You can find each assignment from a link on the syllabus.
These are like 'problem sets' meant to get you into readings and lectures
before you forget the information (this doesn't take long, believe me), to
keep you caught up, and to train you in how to study, understand, apply, and
write about theology. You will review and discuss these with group members
and occasionally in class. These reflections will total 50% of your final
grade. As you write, please refer to my suggestions
for writing papers for helpful suggestions, cautions about Internet "research",
ultimata regarding late papers and plagiarism, and so on.
- You will create five-minute biographical presentations on figures
and events remembered in Galli and Olsen's 131 Christians Everyone Should
Know. You will principally answer the question: Why is it important
that the Church remember this person or event faithfully? Grades will
reflect both your answers and the creativity and effectiveness of the presentation.
You may present them in class if you are so inclined. This is an opportunity
to reflect and appropriate what you find in course materials and your own
outside research, not merely regurgitate the course material. Each is due
at the appropriate day on the syllabus (e.g., a presentation on Martin
Luther would be due as we cover the German reformation). Presentations count
as one reflection.
- You will peer review the reflections and biographical presentations
of other students in your group, evaluating the writer's style, organization,
use of sources, and strength of argument. Refer to my peer
review guidelines and use my peer review form (in HTML
or Acrobat). How well you perform
your peer reviews will affect your own grade as the equivalent of one exercise.
- You will take three in-class exams covering major terms and topics
in the lectures and required texts. These will focus on the section just ended,
covering up to the day of the exam. We will grade them in class. The first
and second exams will count as 10% of your final grade. What would have been
our third "in-class" exam will become the final exam, which will
count as 20%. It will concentrate on the last part of the course, though it
will also have a cumulative component.
- "There are varieties of gifts, but the same Spirit" (1 Cor. 12:4).
I don't expect you to excel at every one of these practices (though I do expect
competence in all, as the skills required for each are important for anyone
with a college degree, let alone anyone with preaching and teaching responsibilities
in today's Church). Accordingly, your highest grade in the other categories
will also become the last 10% of your grade. Isn't that nice?
You will not engage in academic dishonesty (as described
in the student handbook). Students who do will fail the course.
"You know that we who teach shall be judged
with greater strictness" (James 3:1).
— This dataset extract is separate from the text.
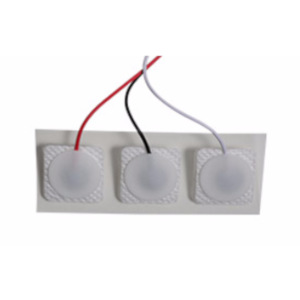 ECG PRE-WIRED ELECTRODE 3-LD AHA SQ RADIOTRANS SOLID GEL 3/STRIP 3/PCH 300/CS ECG PRE-WIRED ELECTRODE 3-LD AHA SQ RADIOTRANS SOLID GEL 3/STRIP 3/PCH 300/CS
There is perhaps no
more responsible position in the Church than teaching doctrine
and preaching Scripture, whether behind a lectern, in a small
group, or around a dinner table. In grading these assignments,
I will resist grade inflation. I've found (as both a teacher and
as a student!) that this way students are more likely to improve,
and grades are just as high at the end of the course because of
Having trouble understanding the reading? I
may sometimes post introductions to
readings in advance. Look up unfamiliar terms in a dictionary
(for instance, the on-line New
Advent Catholic Dictionary), or google
them. If even these suggestions do not help, then I leave you
with the advice of Thomas Cranmer:
"I cannot understand it." What marvel?
How shouldest thou understand, if thou wilt not read nor look
upon it? Take the books into thine hands, read the whole story,
and that thou understandest keep it well in memory; thou that
understandest not, read it again and again: if thou can neither
so come by it, counsel with some other that is better learned.
Go to thy curate and preacher; show thyself to be desirous to
know and learn: and I doubt not but God, seeing thy diligence
and readiness (if no man else teach thee) will himself vouchsafe
with his Holy Spirit to illuminate thee, and to open unto thee
that which was locked from thee (Preface to the Great Bible
In other words, giving up on difficult material is not an option.